Separate text in UI to facilitate i18N (Step 2)

  • Only the user interface (web GUI) is internationalized. All these files are located in fossology/ui/.
  • Licenses are not translated. Agent messages are not translated. Code comments are not translated.
  • Error strings from non-fossology libraries will have to be translated by their own locale settings (or not at all). For example, this includes postgresql error strings, system error strings, etc.

Step 1 - install gettext-library

This will define the _() function used to do the string translation.

Then the translatable strings are extracted and stored in a separate file (po-file).

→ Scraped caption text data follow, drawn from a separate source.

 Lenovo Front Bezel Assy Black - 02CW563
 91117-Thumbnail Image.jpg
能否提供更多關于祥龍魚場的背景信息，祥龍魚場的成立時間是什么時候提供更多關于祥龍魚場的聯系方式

In the po-file, which is setup for each supported language, the translated strings are added.

# this is messages.po in locale/de_DE/LC_MESSAGES

msgid "hello world"

msgstr "hallo welt"

For performance reasons, this file is converted into a binary form (mo-file), and also stored in the same directory, fossology/ui/locale/de_DE/LC_MESSAGES. When the php-file is now requested, there is a tiny php-script - which is added by inserting it plainly or by using 'required_once', to identify the wanted locale-setting.

The lines to be added contain the gettext-specifics

// this is i18n.php
[some code to determine locale and encoding]
setlocale(LC_MESSAGES, $locale);
bindtextdomain($domain, './locale');
bind_textdomain_codeset($domain, $encoding);
textdomain($domain);

Step 2 - separate message text from code

To make it clear what is being translated, the translated string should be separated from the rest of the statement. The translated text can include printf substitution characters (%s, etc) but should not contain variables, html tags, or anything set at runtime or translated by php, the compiler, or webserver.

Example 1

Separate text for readability.

$V.= displayMessage("Scheduling of re-analysis failed, return code: $rc");

should be written as:

$msg = "Scheduling of re-analysis failed, return code: ";
$V.= displayMessage($msg.$rc);

In the final step, this is run through gettext to perform the translation.

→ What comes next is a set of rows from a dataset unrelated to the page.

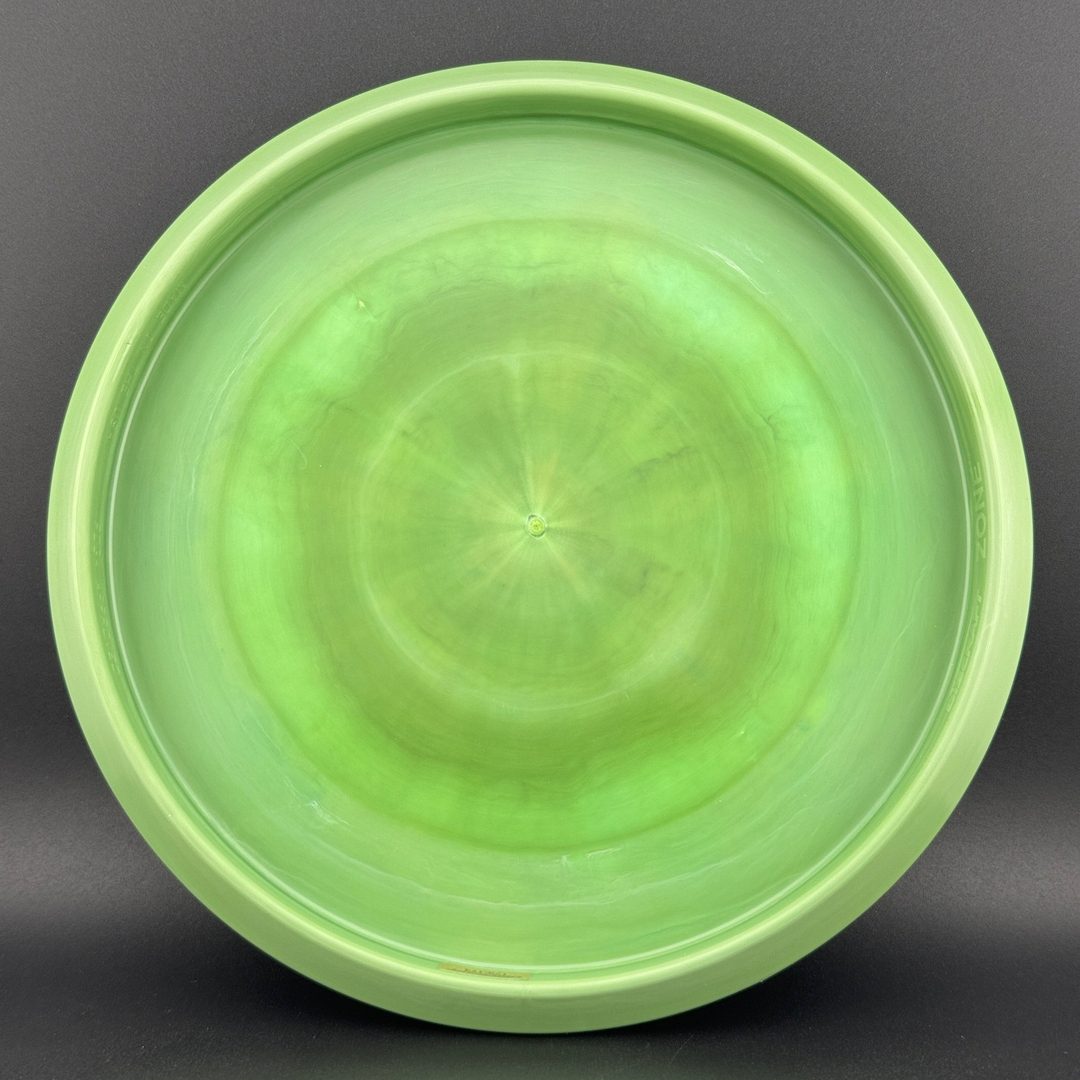 ESP Zone - Paul McBeth 6x Claw World Champion - MCB6XST Edition Discraft
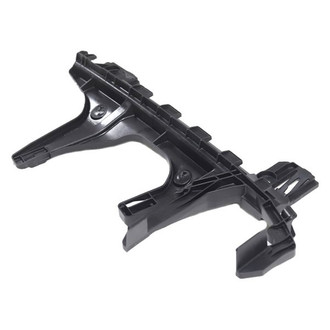 Mopar® - Multi-Function Bracket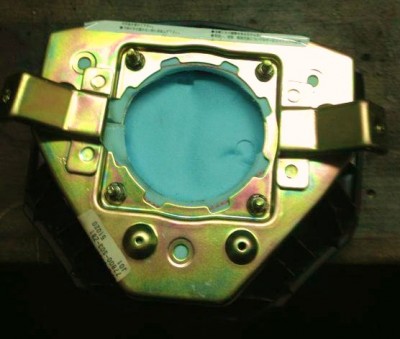 521375_471464299568773_787008951_n.jpg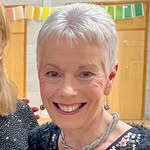 Susie Rees - @1956susie - Instagram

$msg = _("Scheduling of re-analysis failed, return code: ");
$V.= displayMessage($msg.$rc);

Example 2

Translate text not tags.

$VH .= "<tr><th width='15%'>Count</th>";

should be

$text = _("Count");
$VH .= "<tr><th width='15%'>$text</th>";

Example 3

Substitution characters may be in translated string.

printf( "<small>Elapsed time: %.2f seconds</small>", $Time);

Should be written as

$text = _("Elapsed time: %.2f seconds");
printf( "<small>$text</small>", $Time);

Notes

We should provide a 'translators manual' that can be understood by non-technical users. Perhaps we can transfer the translation to an extra sub-project, so that translation can progress independently from major FO-releases? But that should done later, after the concept was firmly established. This creates a new install dependency on the PHP-gettext library. It would be good to failover to no translations if the library is not found. In php we can test for the existence of the required functions and use stubs if they don't exist. It's always a good idea to have a sort of testpage, where any user can navigate to, to find out which locale is set. Because many users might not be aware of the actual locale setting they use.

Hello Fossology-user,

Your current locale is set to 'ES'. To set it to another
language, please consult <reference>.
FOSSology currently has translations for the following
locales: ...

The above should be translated to the current locale.

Tutorial

This is a Tutorial on how to add new languages to FOSSology. I want to thank Stefan Schroeder for writing the initial version of this tutorial and for leading us into multiple language support.

Requirements

This tutorial will use the barebones commands that are available in any decent Linux distribution. If they are not: Switch to a better one, e.g. Debian or Ubuntu. I will refer to the debian-package names, so YMMV concerning the package names.

As root, install the packages for gettext, gettext-support for PHP.

apt-get install gettext gettext-php

The gettext package contains xgettext - which is required to extract the prepared strings from the PHP-sources - and msgfmt - which will compile the message catalogue into a binary form.

Before you get started make sure you are working on the latest version in the source tree.

svn update

Determine locale

To find out the proper abbreviation for the language which you wish to provide. Run

locale -a

If the locale that you want to translate for is not available, refer to your distributions' i18n-documentation. There is a plethora of pages about language specific topics, some of them are authoritative, like RFCs, IANA and W3c-recommendations. Let's assume, that you select de_DE. Actually you don't want de_DE, because I already provided this one ;-)

Extract strings

cd ~/fossology/trunk/fossology/ui

Prepare the folder to store your translation

mkdir -p locale/de_DE/LC_MESSAGES

The directory 'locale' should already exist or you are in the wrong working directory. Now collect all translatable strings to the new directory. xgettext does not support recursion, thus we use find to dive into the subdirectories.

find . -iname "*.php" | \
xargs xgettext -o locale/de_DE/LC_MESSAGES/messages.po

Now edit locale/de_DE/LC_MESSAGES/messages.po and supply your translations for each string.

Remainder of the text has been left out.